Dieses Video wurde am 03.05.2026 von ARTEde auf YouTube veröffentlicht. Zum Original-Video auf YouTube.
Der ARTE-Film Grump ist eine finnisch-deutsche Koproduktion, die im Mai 2025 auf dem Streamingportal des Senders veröffentlicht wurde. Im Mittelpunkt steht ein eigensinniger älterer Finne, den seine Familie nur „Grump” kennt – ein Griesgram mit weichem Kern. Als seine Kinder seinen geliebten Ford Escort Baujahr 1972 kurzerhand verschrotten lassen, bricht er auf, um in Deutschland ein baugleiches Exemplar zu finden. Was als skurrile Autoschnäppchenjagd beginnt, wird zur Reise durch Jahrzehnte verdrängter Familiengeschichte.
Ein Escort als Lebensinhalt – und als Metapher
Für Grump ist der weinrote Escort kein bloßes Fahrzeug, sondern ein Erinnerungsträger. Er hat das Auto gekauft, als sein ältester Sohn zur Welt kam, und damit Familie und Alltag durch Jahrzehnte hindurchgefahren. Der Verlust des Wagens trifft ihn daher wie ein Todesfall – was sein Nachbar Koleminen lakonisch kommentiert: „Na, hoffentlich war es ein schmerzloser Tod.”

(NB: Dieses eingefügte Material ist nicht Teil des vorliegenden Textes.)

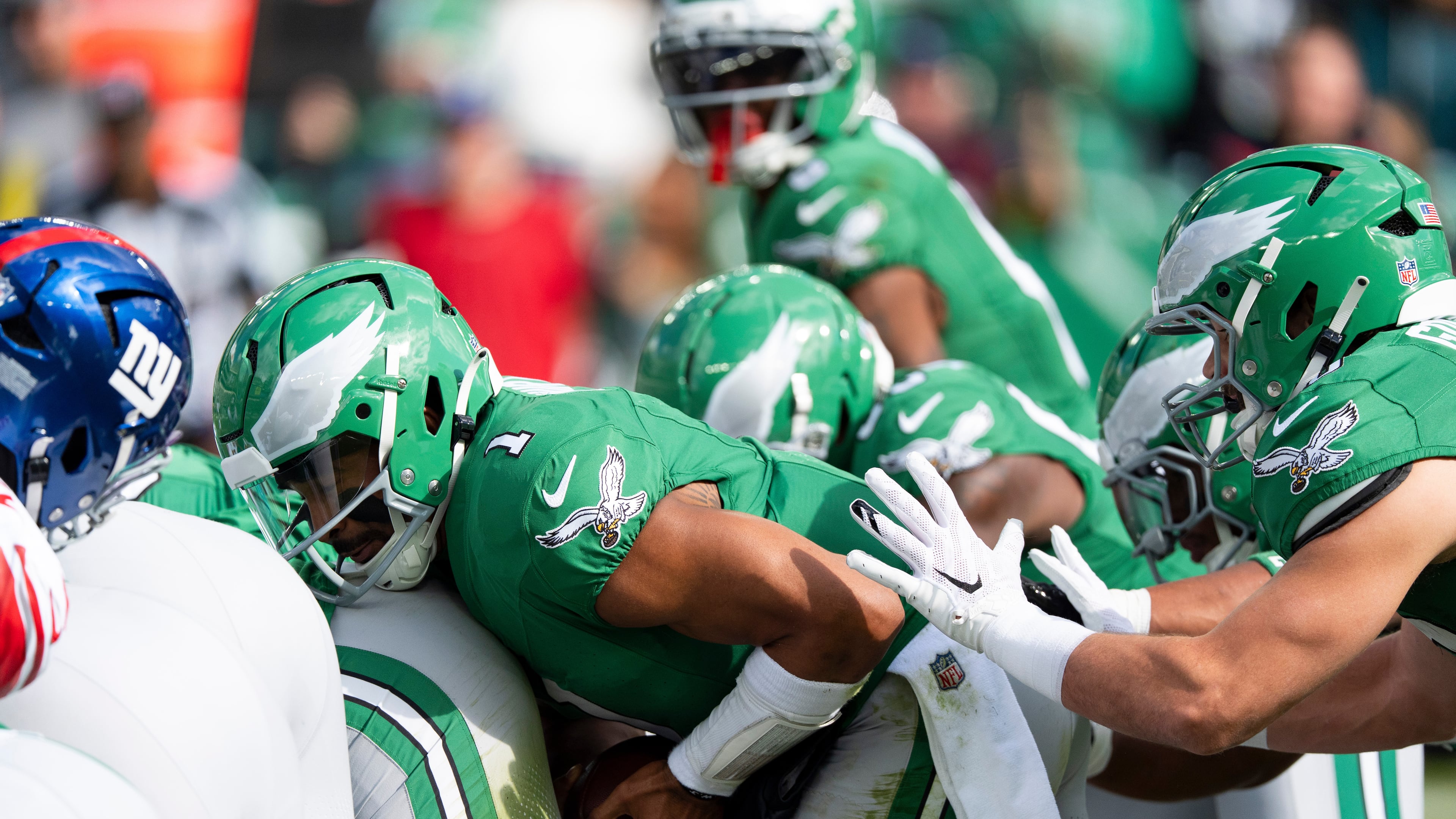 FILE - Philadelphia Eagles quarterback Jalen Hurts runs the "tush push" play during an NFL football game against the New York Giants, Oct. 26, 2025, in Philadelphia. (AP Photo/Chris Szagola, File)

Der Film nutzt das Auto geschickt als Symbol für Beständigkeit in einer Welt des Wandels. Grump weigert sich, Plastikgeld zu benutzen, lehnt Smartphones ab und nimmt lieber eine mehrtägige Reise auf sich, als sich einem Neuwagen zu beugen. Sein Starrsinn wirkt manchmal komisch, manchmal rührend – und immer menschlich.
Brüder, Schuld und das Schweigen der Generationen
Auf seiner Reise trifft Grump unerwartet seinen Bruder Tarmo, von dem er sich vor über fünfzig Jahren getrennt hat. Tarmo lebt seit Jahrzehnten in Deutschland, zieht in einem alten Camper durch Europa und hat sich dem Nomadenleben verschrieben. Die Begegnung der beiden ist das emotionale Herzstück des Films.
Langsam enthüllen sich die Hintergründe des alten Bruches:
- Tarmo hätte den elterlichen Bauernhof erben und Grump nach Helsinki zum Studium gehen sollen.
- Stattdessen brach Tarmo früh auf – ohne ein Wort des Abschieds.
- Grump blieb zurück, übernahm Hof und Verantwortung, begrub Eltern und Träume.
- Tarmo seinerseits hat eine Tochter, Maria, die er verlassen hat und die ihm bis heute nicht verziehen hat.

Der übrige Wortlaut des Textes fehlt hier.